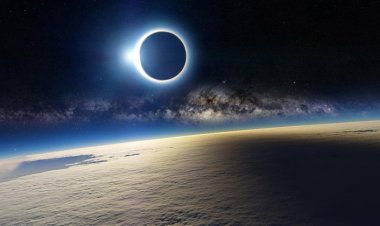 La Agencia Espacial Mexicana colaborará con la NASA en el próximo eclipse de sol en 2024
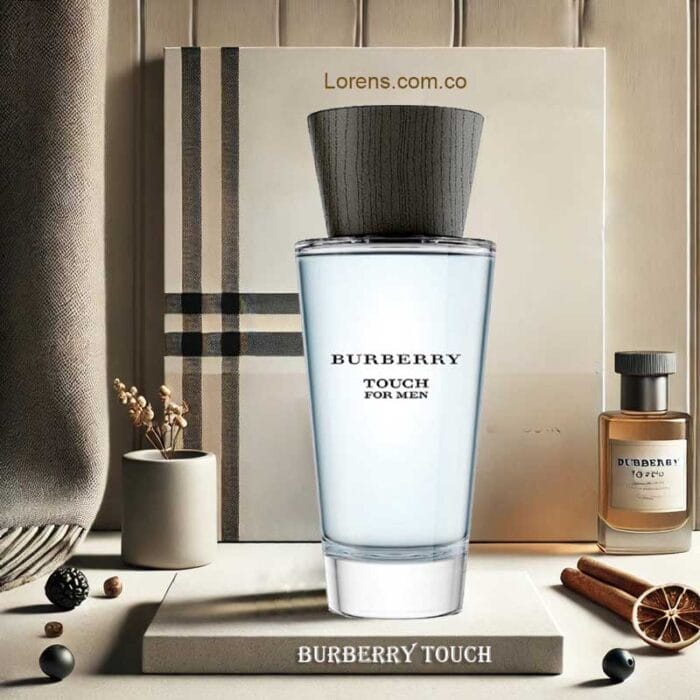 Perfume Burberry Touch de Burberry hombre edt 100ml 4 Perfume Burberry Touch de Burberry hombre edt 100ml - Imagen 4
--
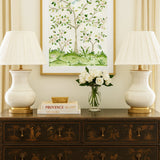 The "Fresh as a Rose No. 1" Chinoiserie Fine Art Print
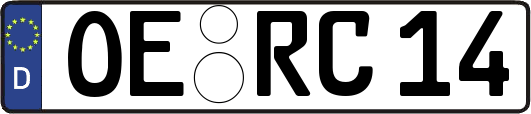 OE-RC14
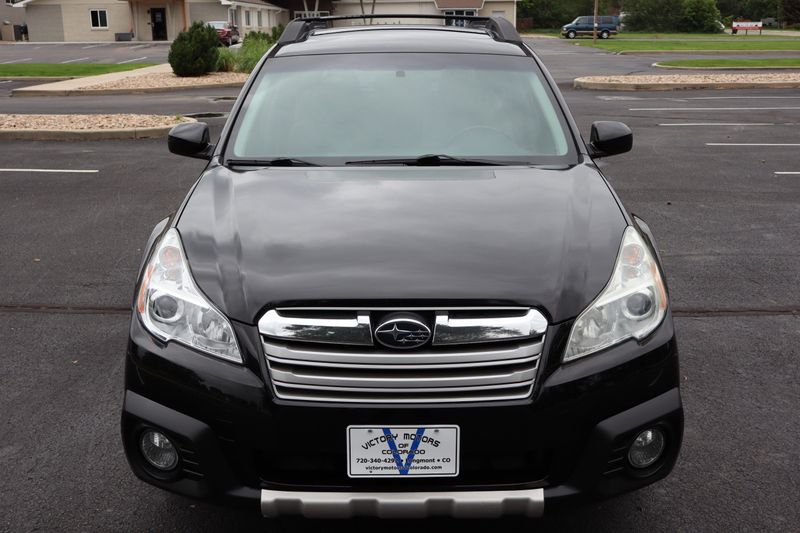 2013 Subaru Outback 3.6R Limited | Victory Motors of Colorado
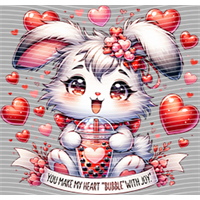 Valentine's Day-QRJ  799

_Required action_
Copy the lines above exactly, starting at the one with "La Agencia Espacial" and ending at the one with "Perfume Burberry Touch de Burberry hombre edt 100ml 4", both included. Leave out any pictures and add nothing else.

_Expected answer_
 La Agencia Espacial Mexicana colaborará con la NASA en el próximo eclipse de sol en 2024
 Perfume Burberry Touch de Burberry hombre edt 100ml 4 Perfume Burberry Touch de Burberry hombre edt 100ml - Imagen 4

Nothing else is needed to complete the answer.